Carlos: last year was the first time I participated in the CDW; it was new to me, and there was that feeling of working hard on a proposal and it disappearing. Having time to reflect and talk about the process in the small group; we didn't have that so much. Is there a way to do it so that it's a merge-type workshop where there's some aspect that is voting/online/live thing that we do, but there's also more nuance, connection to how people felt during the process, obviously very well facilitated. That would have made me feel that the work we did in our small group last year, coming up with different principles and proposals, was somehow recognized.

Jamie: we usually have that at the end of each workshop; we didn't do it last year. Maybe ran out of time.

Jamie: another thing with the CDW is that we normally don't pre-seed it with priorities, particularly based on feedback from survey, would give us an opportunity to start the workshop differently. Break into small groups, online part isn't enabled, spend a good chunk of time discussing what's there with your group before typing anything in. Might give the chance to have that level of engagement without having to frantically type things in.
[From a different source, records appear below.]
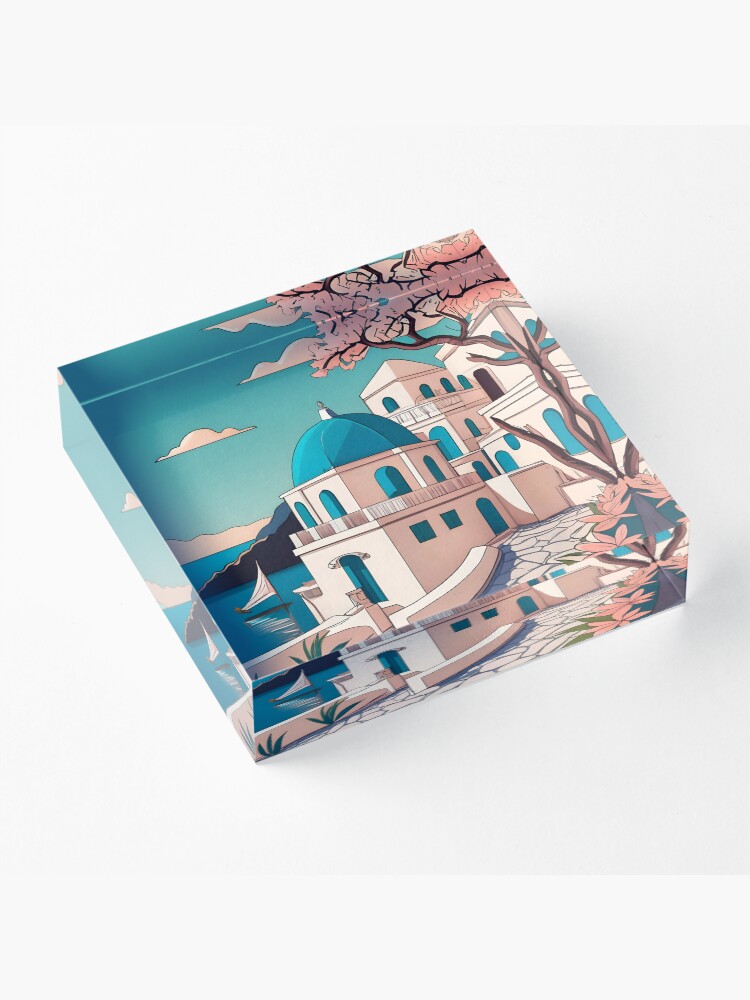 Thumbnail 3 of 5, Acrylic Block, Old Traditional Greece house Cycladic homes Drawing designed and sold by Patricks-Art.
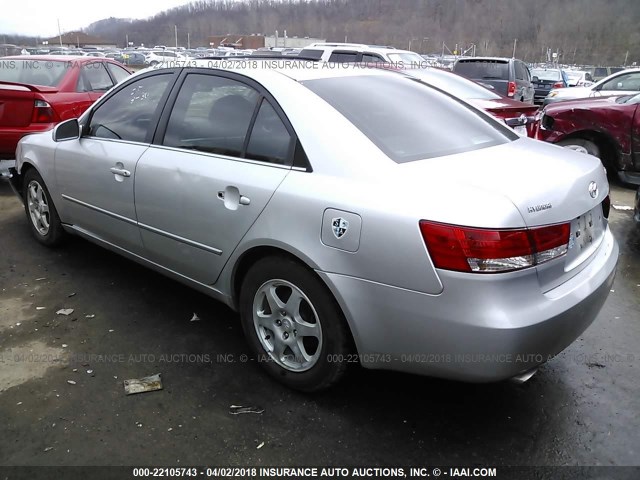 5NPEU46F86H031439 - 2006 HYUNDAI SONATA GLS/LX SILVER photo 3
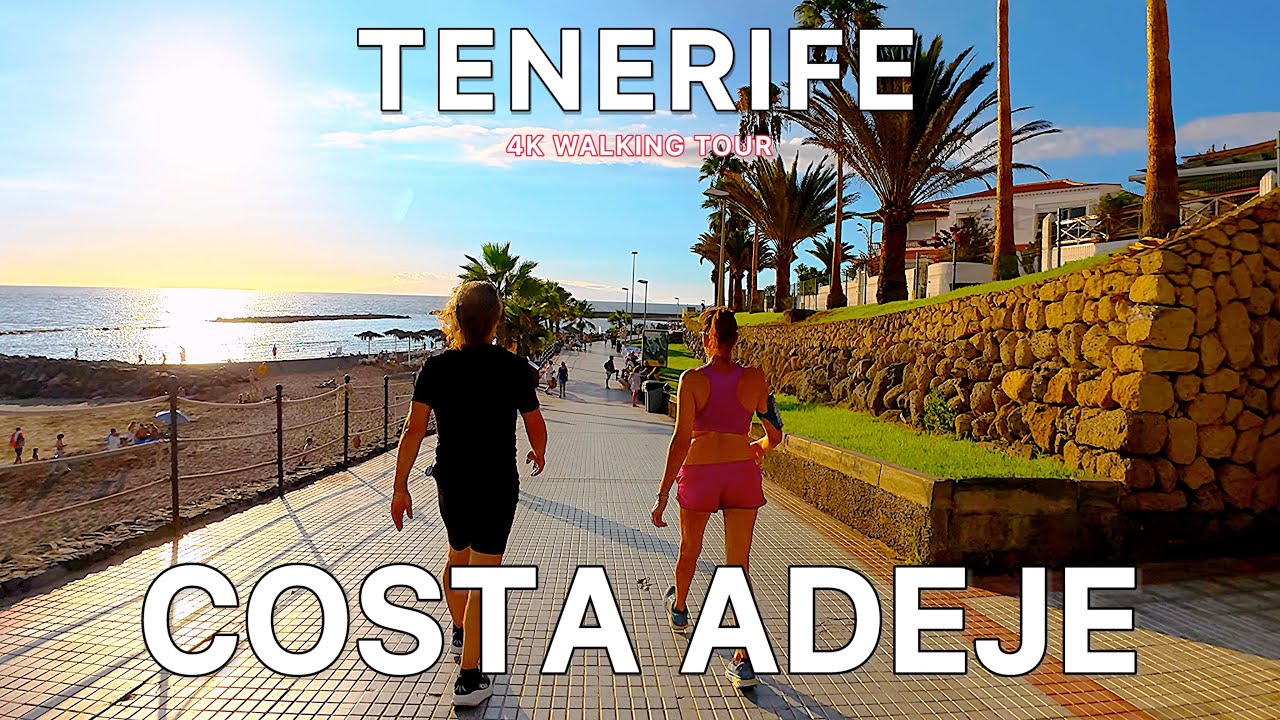 TENERIFE 🌞 Golden Hour Walk | Costa Adeje Promenade 4K UHD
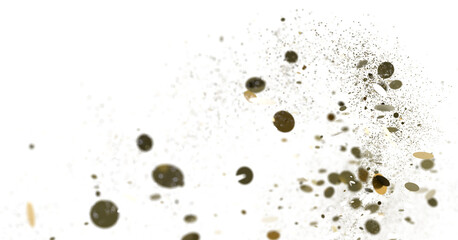 Euphoric Eruption: Magnificent 3D Illustration Showcasing Bursting gold Confetti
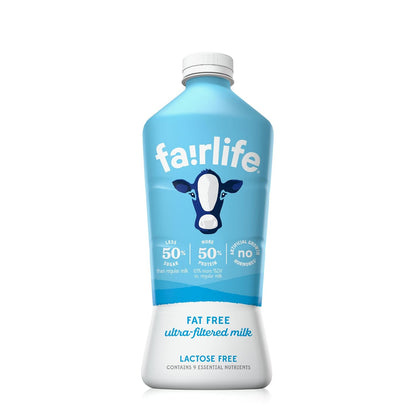 Fairlife lactose free fat free milk front label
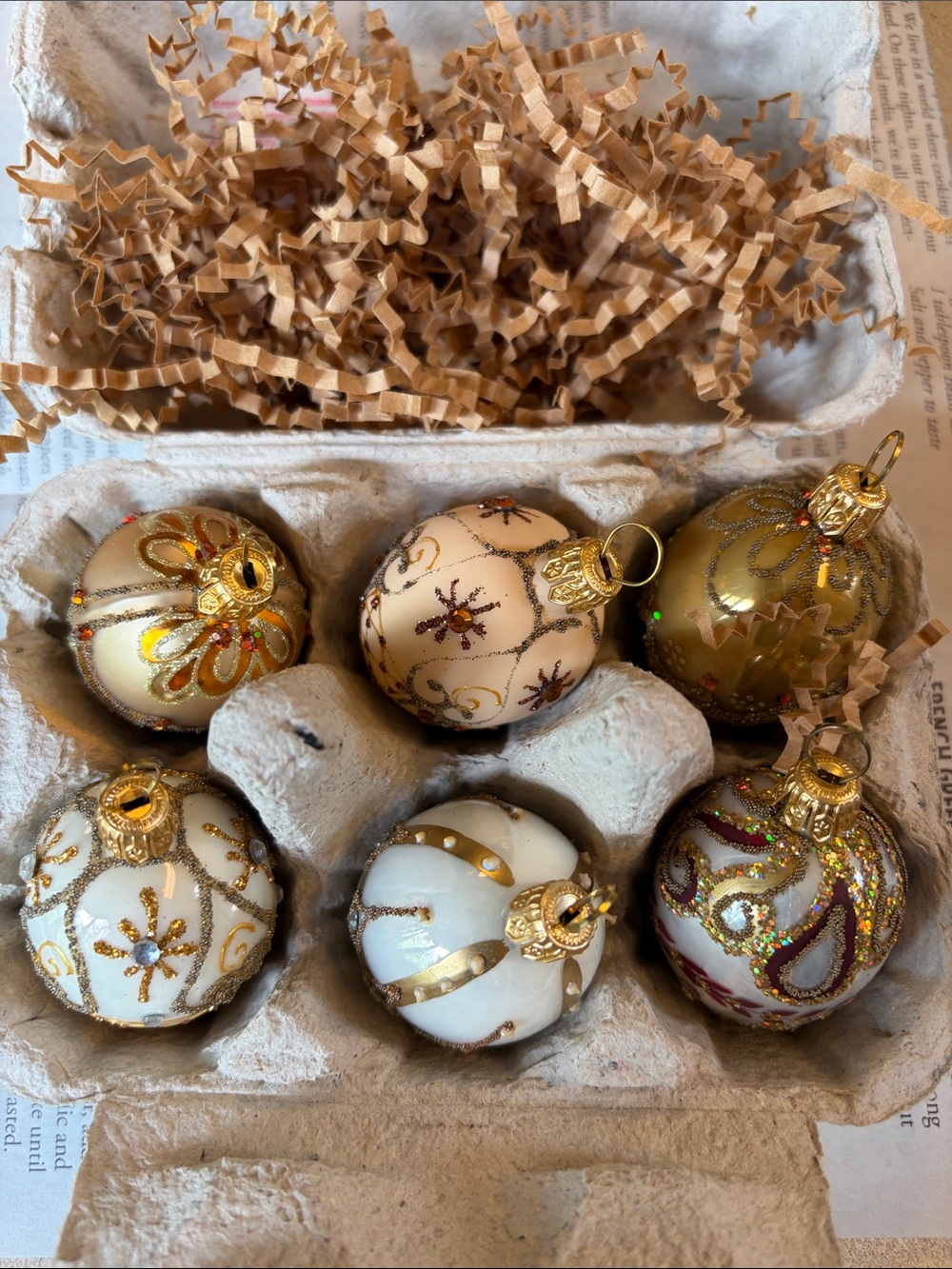 Smith & Hawken Gold and Cream Decorative Holiday Ornaments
Jamie: the history is kept; the interface gives the impression that it's disappeared, but we've just disappeared it. I wonder if there's a way to make it more visible and prominent to get more of the nuance that Carlos is talking about.

jack: are we anticipating that there will be translation going on?

jamie: we did that in guatemala and ny in 2008, and the wsf in 2009 in 4 languages (which was crazy and fun). the way that translation works is that when you're editing, you have both edit fields visible, and can copy/paste yourself, or use machine translation.

jack: the translation seems problematic; maybe we don't want machine translation since they're so bad.

jack: wondering if there's openness to doing something other than the CDW?

jamie: I'm open; I do think CDW is valuable, we don't have much time before the membership meeting to implement something else.

dkg: we might not be able to make the changes necessary to the CDW to make the tool meet our goals, e.g. remote communication would be critical. If the goal is to make it feel like one organization, not having that ability to facilitate communication would make people feel even more isolated.

Jamie: I don't think we've come to a conclusive decision, but this conversation has been incredibly productive and useful. Let's think through next steps, moving this forward, make some assignments and figure out follow-up.

dkg: seems like there's an open question about whether the goal for the CDW time-slot in the agenda is a decision-making process or a communication/facilitation process.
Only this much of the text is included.